Si Subaru arrive en 1990, Lancia arrête définitivement fin 1992 et Toyota qui domine le milieu des années 90 (titre mondial pour Didier Auriol en 1994) est minée par son exclusion en 1995 pour non-conformité technique (turbo) et décide de se retirer. Les marques automobiles se détournent du rallye. Des pilotes doivent retrouver des sponsors pour courir, car les écuries de pointe ne courent plus … La FIA décide d’agir.
L’ère des World Rally Cars
Ce qui va changer grandement le visage du rallye mondial, c’est le changement de réglementation en 1997. En effet, Toyota, et surtout Lancia, constructeur historique du WRC se sont retirés des rallyes. C’est l’Empire du Soleil Levant qui prend alors le Championnat du Monde sous ses ailes. Subaru, Mitsubishi sont les écuries de pointe, mais il manque une opposition pour bénéficier d’un spectacle de qualité.

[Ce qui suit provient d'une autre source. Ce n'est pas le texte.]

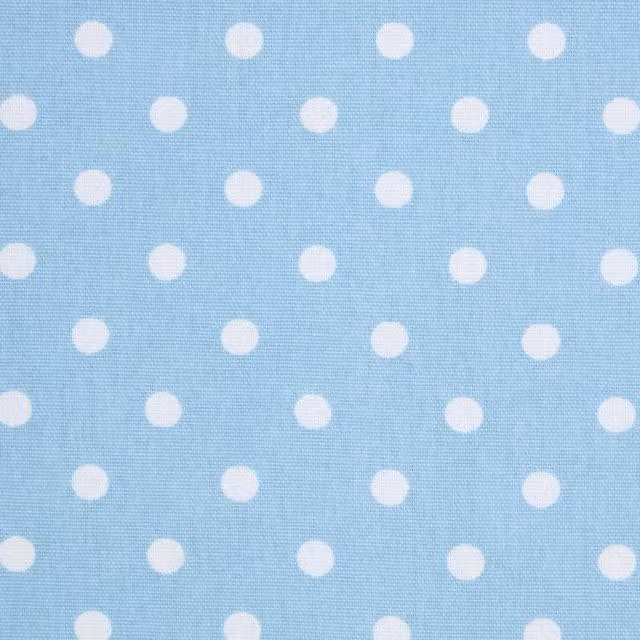 Homescapes Blue Polka Dot Pure Cotton Childrens Fabric, Width: 150 cm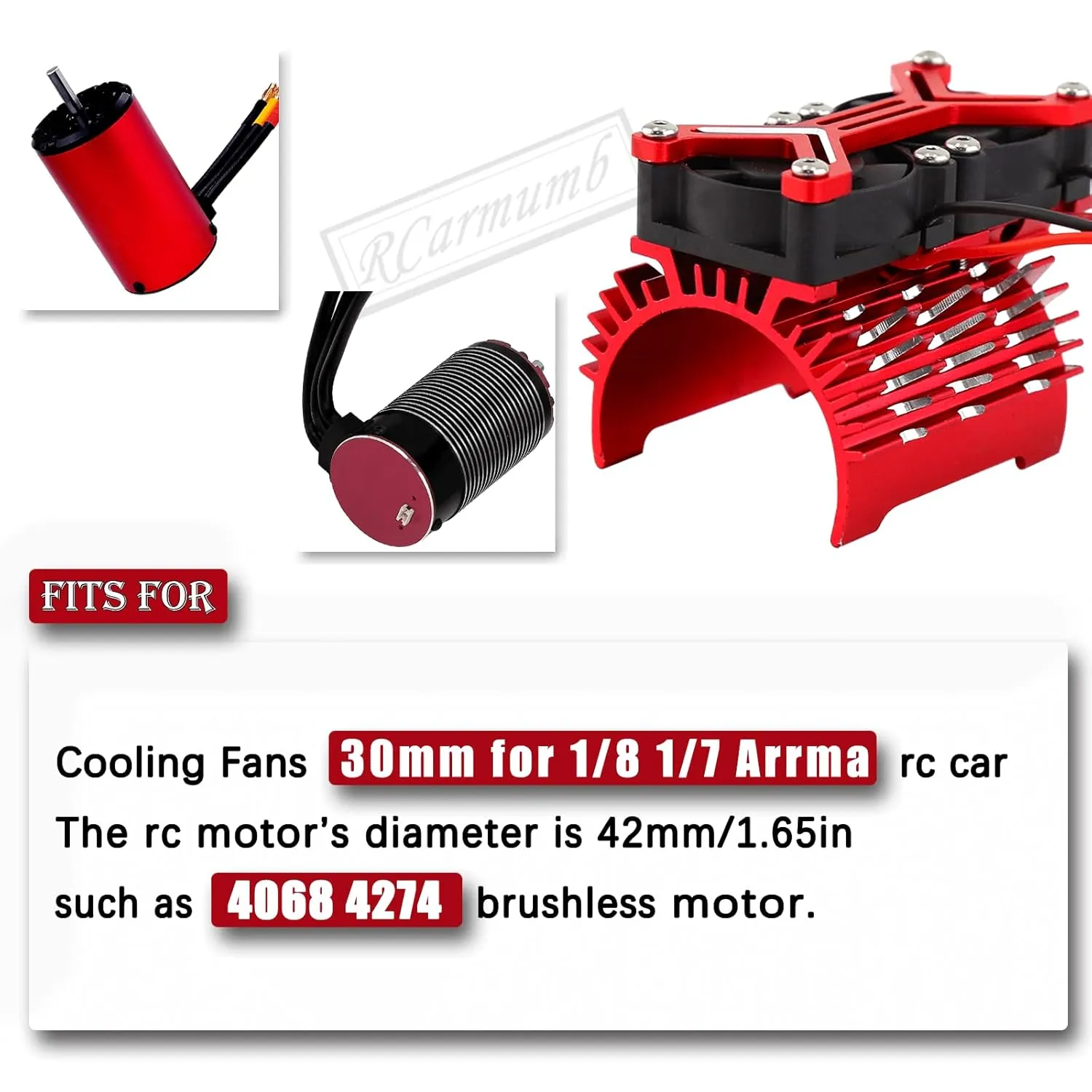 4068 4274 Motor$Red Motor Cooling Fan Upgrades Part for 1/8 1/7 Arrma RC Scale Car$Brushless 15000 RPM High Speed nonhuman 30mm Cooling Fan Heatsink with 42mm Adjustable Mount for 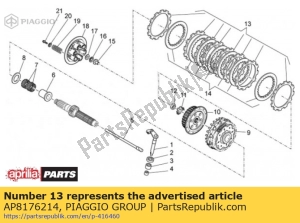 aprilia AP8176214 gevoerde koppelingsplaat 8 pz. - Bovenkant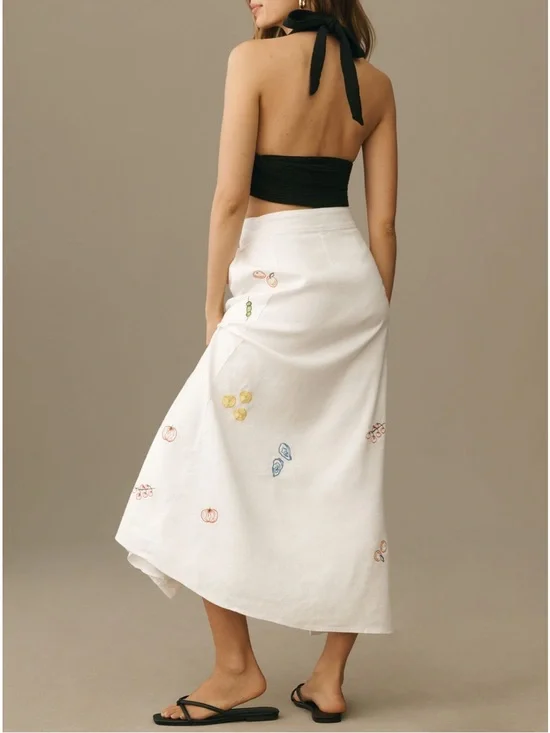 Maeve White Embroidered Summer Midi Skirt sz 10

La nouvelle réglementation doit permettre aux constructeurs de modifier un modèle de série pour l’adapter aux technologies de base du rallye (transmission intégrale, moteur turbocompressé …). Ce qui n’était pas possible auparavant. Dès lors, on se bouscule pour s’engager en Mondial … ou pour y revenir. Toyota revient en 1997, Peugeot fait son retour en 1999, Ford reste après avoir longtemps fait courir son Escort, remplacée par la Focus. Le WRC revit …
Des parcours tronqués
Comme on l’a vu, la renaissance technologique du rallye, entamée début 1987 et concrétisée en 1997 a ramené les constructeurs vers une discipline qui commençait à s’effriter. Mais il y a un bémol à ajouter à tout cela.
Le format voulu par la FIA, restreint les rallyes autour d’un seul centre névralgique. C’est ainsi que des parcours légendaires (comme l’Ardèche au Monte-Carlo) disparaissent. Cette concentration des parcours (voulue pour réduire également les coûts) va perdurer jusqu’à la fin des années 2000, où les organisateurs et la FIA reviennent à des parcours plus longs. Mais les années 2000-2010 voient de nouveaux problèmes apparaître.
Crise économique des années 2000
Si les années 2000 restent sportivement intéressantes, avec une génération de pilotes fabuleuse (Burns, Loeb, Martin, Grönholm, Solberg, Hirvonen …), les difficultés liées à la crise économique commencent à se faire sentir. De plus en plus de pilotes doivent trouver des partenaires financiers pour pouvoir louer des voitures dans des écuries de pointe. Ford va même se retirer fin 2012. Citroën reste, mais la semi-retraite de Sébastien Loeb pose la question de l’engagement durable de la marque aux Chevrons. Pourtant, le WRC attire toujours autant, public comme pilotes. Ces deniers rêvent de rejoindre au palmarès de vraies légendes.
Ces pilotes qui ont fait la légende
On a vu que les voitures de rallye sont entrées dans la mémoire collective. De nombreux pilotes sont eux, entrés au panthéon du sport automobile mondial. Dans les années 70, les Français sont à l’honneur avec Thérier, Andruet ou Darniche … Ils font face aux Scandinaves Waldegaard, Blomqvist. Sandro Munari est une légende en Italie.
Dans les années 80, Vatanen, Röhrl, Mikkola, Toivonen, Michèle Mouton, Saby, Fréquelin, Ragnotti, Massimo Biasion, Juha Kankkunen ou Timo Salonen sont parmi les meilleurs. Dans les années 90, Carlos Sainz, Didier Auriol, François Delecour, Colin Mc Rae ou Tommi Makinen deviennent des figures.
Enfin les années 2000 ont vu l’éclosion de Sébastien Loeb bien sûr, mais aussi Marcus Grönholm, Mikko Hirvonen, Petter Solberg, Jari-Matti Latvala ou encore Sébastien Ogier.
Le rallye attire toujours autant, tant par les pilotes que par les voitures. Le futur s’annonce sous de bons hospices avec l’arrivée de Volkswagen et le retour de Hyundai, pour pouvoir toujours vivre de grands moments de sport automobile.